Starvation for those with a traumatic history often has a very specific and personal meaning commonly related to both denying oneself care and comfort and serving as a way to re-experience the pain of the past.  

Starvation has long been used as a weapon, and that experience is connected to the role of an eating disorder in coping with trauma.  Individuals turn to hunger strikes as a public demonstration of opinion or outrage. Captors starve prisoners to yield information. Prisoners starve in protest. Starving an entire population can force people into submission. The populations of many countries starve while others have enormous excess food, which is not a direct expression as much as a sign of the meaning of food in disparate parts of the world. 

As starvation has taken on many meanings in the world, from the individual to the collective, it's not surprising that eating disorders have become an increasingly common syndrome associated with trauma. 

Eating disorder symptoms caused by trauma tend to be more chaotic and driven by a strong urgency. These people experience daily life happening in ways they cannot manage or alter. Much like the actual experience of trauma, daily events feel like they unfold on their own. These people never felt agency in their lives and still don't. Although many eating disorder symptoms feel as if they happen on their own, most people with eating disorders feel that there is always a part of themselves not swallowed by the illness. People with a history of trauma feel completely consumed by the eating disorder largely to escape the dread associated with the traumatic memories. 

Safety is the primary focus of treatment for people with trauma. They need to believe therapy is a safe place to start to address the feelings and experiences associated with their past and memories. At the same time, the person needs to be safe enough in their eating disorder not to be in medical danger. Often the line between medical safety and emotional safety can be tricky and confusing. 

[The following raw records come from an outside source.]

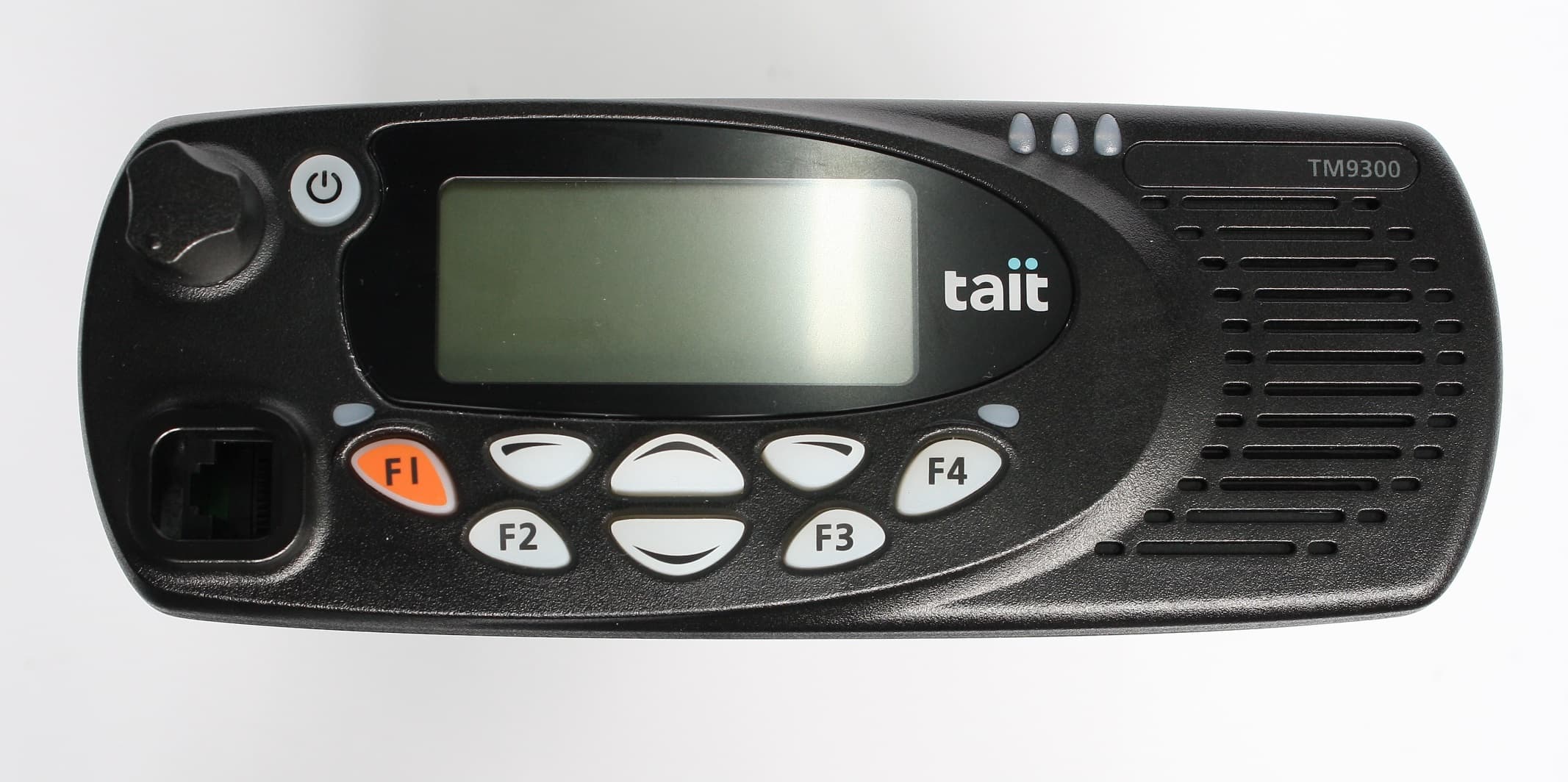Mobile Transciever - FCC ID CASTMBH7B - Tait International Limited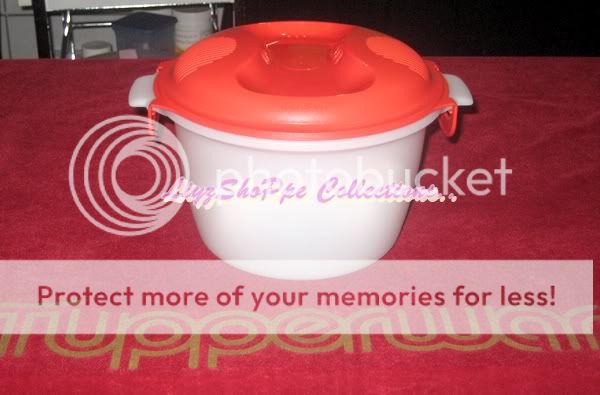 :: mamaChiq BIRTHDAY SPECIAL OFFER :: 11-17 Jan 2010 :: Buy with Member's Price :: Pg 3 :: - Page 3 MicrowaveableRiceCooker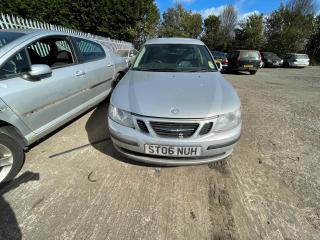 Saab 9-3 2 поколение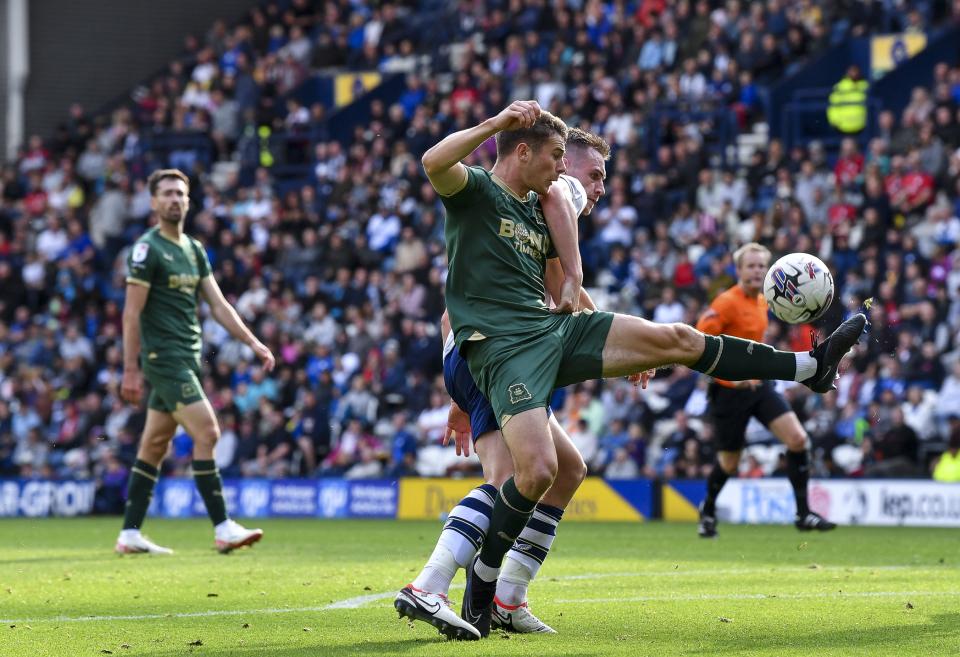 Gallery | Preston North End (A)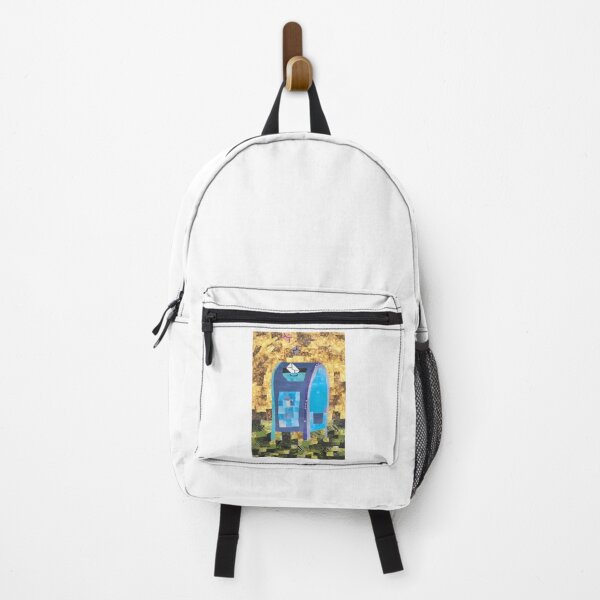 Item preview, Support Our Postal Carriers designed and sold by burdick-franch.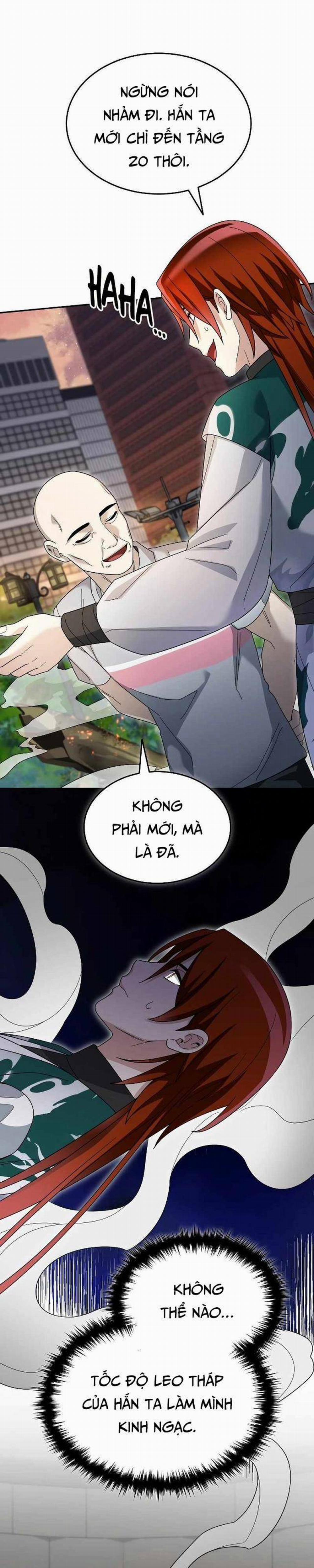 manhwax10.com - Truyện Manhwa Người Mới Này Quá Mạnh Chương 91 Trang 9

The treatment needs to focus on trauma therapy from the start. That pain cannot be avoided in order to look at the eating disorder. They both need to be faced simultaneously. Since starvation can affect physical and emotional stability, the treatment is difficult and needs to constantly monitor all aspects of the person's well-being. However, any other approach for help will backfire. 


The most important aspect for the treatment is to combine that safety with compassion. The suffering both through trauma and through the eating disorder is great. Health and recovery are real possibilities, and therapy needs to start with that hope and reinforce it at every turn.